The UI is clean and conveys everything you need to know without any clutter. Inventory management is easy with a mouse and keyboard and ok with a controller, but I did find exploration and combat to be a bit more of a chore to start with the latter initially. After an hour of playing that way though the shortcuts clicked, and things started to feel great. Accessibility features consist mainly of a colorblind mode to help with recognition of the battlefield and being able to resize various UI elements.
Bring Some Company to the Frozen Wastes
The entirety of the game is playable in online 2 player co-op during which you can each control up to 3 party members yourself, share an inventory, and can explore and do side missions fully independent of one another. For major narrative beats you must be together, and you can jump in and out of the save files at your own pace. I have been unable to test this myself as of this review but based on the trailer they released last week, I can tell that this will be the way I play through the game immediately after launch.
As you start, the game has a familiar sense of size and scale for the genre, as each area varies between medium to large with only a few small tile-sets here and there. It may be showing my age, but it reminded me of Neverwinter Nights 2, though larger and far prettier. You can run from one end of most large maps to the other in less than a minute once everything is cleared. Playing on a laptop with an NVME SSD was a godsend as load screens are frequent. This was more of an issue on console where load times could be fairly long.
Not too far in you are granted your Kodiak, a rugged truck with a top mounted cannon and plenty of armor. It serves as your means of transportation in the over world map. The over world map itself being a real time system with a mix of main locations, hidden areas, and side quests to be found. There are random encounters that take place on it, but you can either skip them entirely with the survival skill or gain an advantage thanks to skills you may have leveled. Sections are gated off by radiation and you will need to save up your Colorado Dollars, the Patriarchs own form of legal tender, to buy better shielding.

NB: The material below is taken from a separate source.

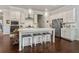 Modern kitchen with white cabinets, quartz countertops, and stainless steel appliances, perfect for cooking and entertaining at 518 Coral St, Marietta, GA 30064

Wasteland 3 shines with clear dedication to crafting the best game its genre has ever seen. Excellent visuals are matched by top notch voice work and some of the best and most natural writing I have seen in a video game not made by Naughty Dog. The combat is a brutal dance where one wrong move can spell disaster, but victory is an exhilarating rush that never becomes old. Wasteland 3 cements inXile as one of the best in the business in the RPG genre and affirms that Xbox has something truly special on their hands.
Wasteland 3 is available on August 28th on Xbox, PS4, and PC. It is available on Xbox Game Pass for console and PC as well. It retails for $59.99 USD
A copy of the game was provided to Xbox Era by Deep Silver for review on Xbox One and PC.
Reviewed on Xbox One X and Windows 10 PC
Update: inXile Entertainment was announced as being acquired by Microsoft at XO18, not E3.